President Trump says if he had known ahead of time that Attorney General Jeff Sessions was going to recuse himself from the Russia investigation, he would have chosen someone else for the post, calling the move "very unfair."
In an interview with The New York Times, he also accused James Comey, the FBI director that he fired in May, of trying to save his job by leveraging a dossier of compromising material on Trump.
Trump said too that Special Counsel Robert Mueller, who is investigating Russian meddling in the 2016 election, was running "an office rife with conflicts of interest and [Trump] warned that investigators would cross a red line if they delve into Trump family finances unrelated to Russia."
The president said as far as he is aware, he does not believe he is personally under investigation by Mueller. "I'm not under investigation. For what? I didn't do anything wrong," Trump told the newspaper.
On Sessions, Trump said, "if he was going to recuse himself he should have told me before he took the job and I would have picked somebody else."

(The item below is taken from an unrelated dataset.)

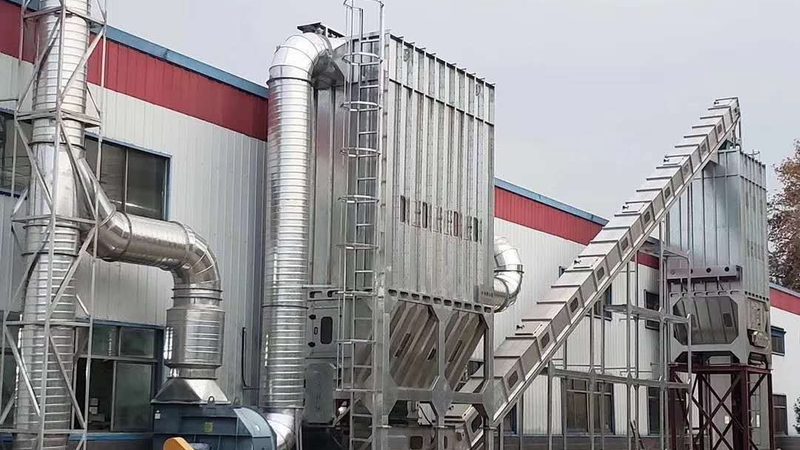 脉冲除尘器风量计算主要基于以下原理：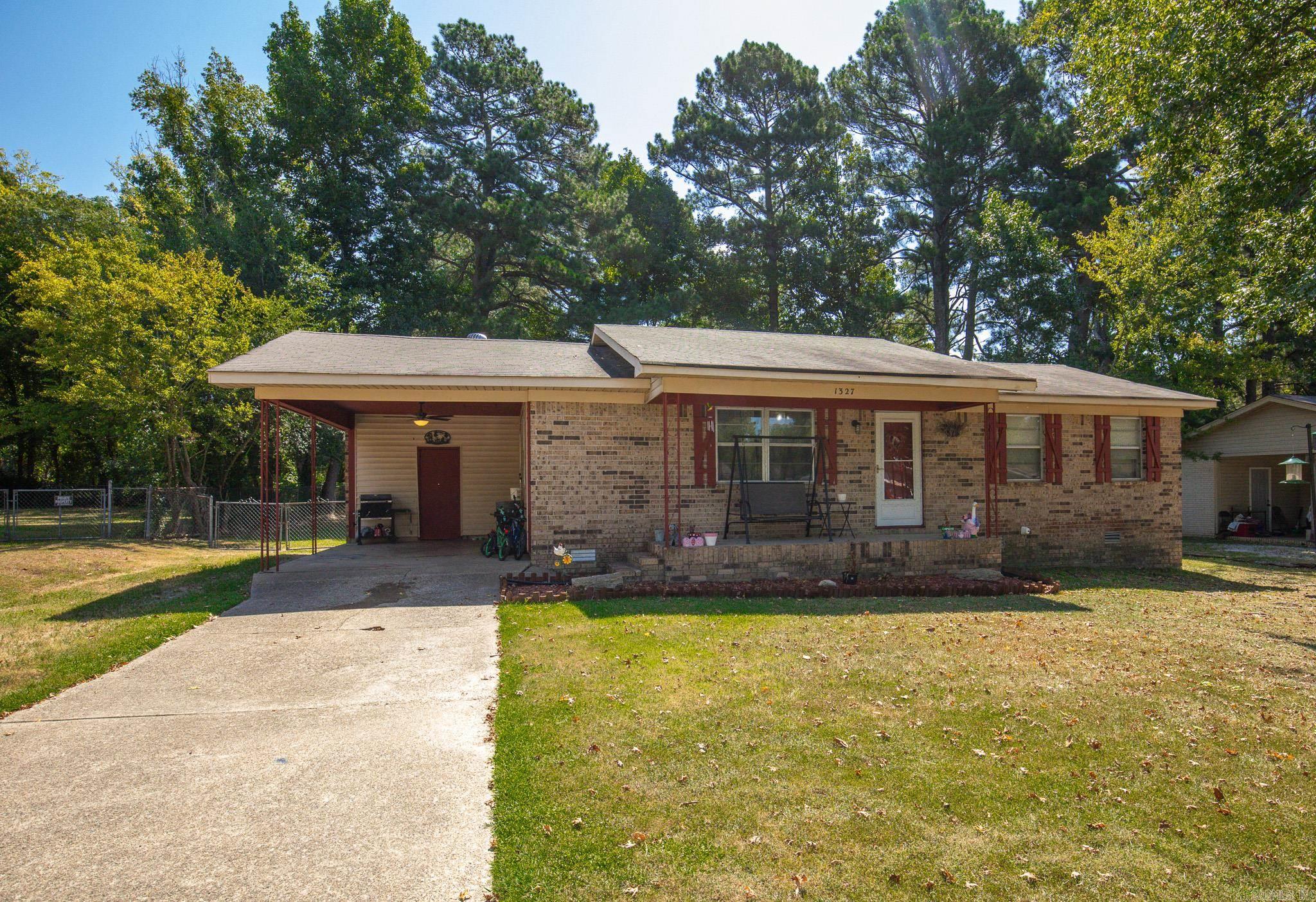 1327 Nottingham Property Photo 2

The interview, which the Times described as "wide-ranging," also included questions about health care and other topics, but the Russia investigation and its fallout dominated the conversation, the newspaper says.
The Times writes:
"Describing a newly disclosed informal conversation he had with President Vladimir V. Putin of Russia during a dinner of world leaders in Germany earlier this month, Mr. Trump said they talked for about 15 minutes, mostly about 'pleasantries.' But Mr. Trump did say that they talked 'about adoptions.' Mr. Putin banned American adoptions of Russian children in 2012 after the United States enacted sanctions on Russians accused of human rights abuses, an issue that remains a sore point in relations with Moscow."
The discussion about "adoptions," is apparently a reference to the Magnitsky Act, a 2012 law meant to punish Russian human rights abusers by barring them from entering the U.S. The Russian parliament responded to the law by banning American citizens from adopting Russian orphans.
It is the same law that Donald Trump Jr. says was a topic of conversation at a June 2016 meeting with a Russian lawyer promising dirt on then-campaign opponent Hillary Clinton.
According to the Times: "Mr. Trump acknowledged that it was 'interesting' that adoptions came up since his son, Donald Trump Jr., said that was the topic of a meeting he had with several Russians with ties to the Kremlin during last year's campaign."